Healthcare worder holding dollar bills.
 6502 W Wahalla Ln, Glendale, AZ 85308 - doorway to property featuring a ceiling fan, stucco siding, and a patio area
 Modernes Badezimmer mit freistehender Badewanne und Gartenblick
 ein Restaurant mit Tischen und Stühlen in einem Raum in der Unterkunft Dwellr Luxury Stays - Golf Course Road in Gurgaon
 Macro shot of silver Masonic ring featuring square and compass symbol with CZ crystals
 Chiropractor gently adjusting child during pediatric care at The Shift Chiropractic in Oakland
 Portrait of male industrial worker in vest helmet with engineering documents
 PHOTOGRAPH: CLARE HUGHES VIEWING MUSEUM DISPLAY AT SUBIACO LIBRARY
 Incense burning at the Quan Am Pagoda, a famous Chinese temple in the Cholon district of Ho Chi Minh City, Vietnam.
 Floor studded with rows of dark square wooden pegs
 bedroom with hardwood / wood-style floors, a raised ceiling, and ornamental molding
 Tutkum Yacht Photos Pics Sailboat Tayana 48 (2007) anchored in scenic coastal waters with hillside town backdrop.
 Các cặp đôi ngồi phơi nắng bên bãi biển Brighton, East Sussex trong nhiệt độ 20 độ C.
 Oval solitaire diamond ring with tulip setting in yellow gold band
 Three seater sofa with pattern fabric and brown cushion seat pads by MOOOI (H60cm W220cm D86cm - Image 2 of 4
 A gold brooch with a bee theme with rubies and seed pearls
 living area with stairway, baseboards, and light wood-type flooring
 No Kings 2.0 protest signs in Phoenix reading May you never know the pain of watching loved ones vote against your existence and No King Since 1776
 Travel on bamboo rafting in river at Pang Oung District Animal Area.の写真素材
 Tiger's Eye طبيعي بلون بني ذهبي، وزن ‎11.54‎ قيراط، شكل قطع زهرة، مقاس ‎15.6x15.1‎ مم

---

(WORK ORDER):
Make a tally of the lines in this material that hold the string "gold", then give that number without any other words.

(WRITTEN RESPONSE):
2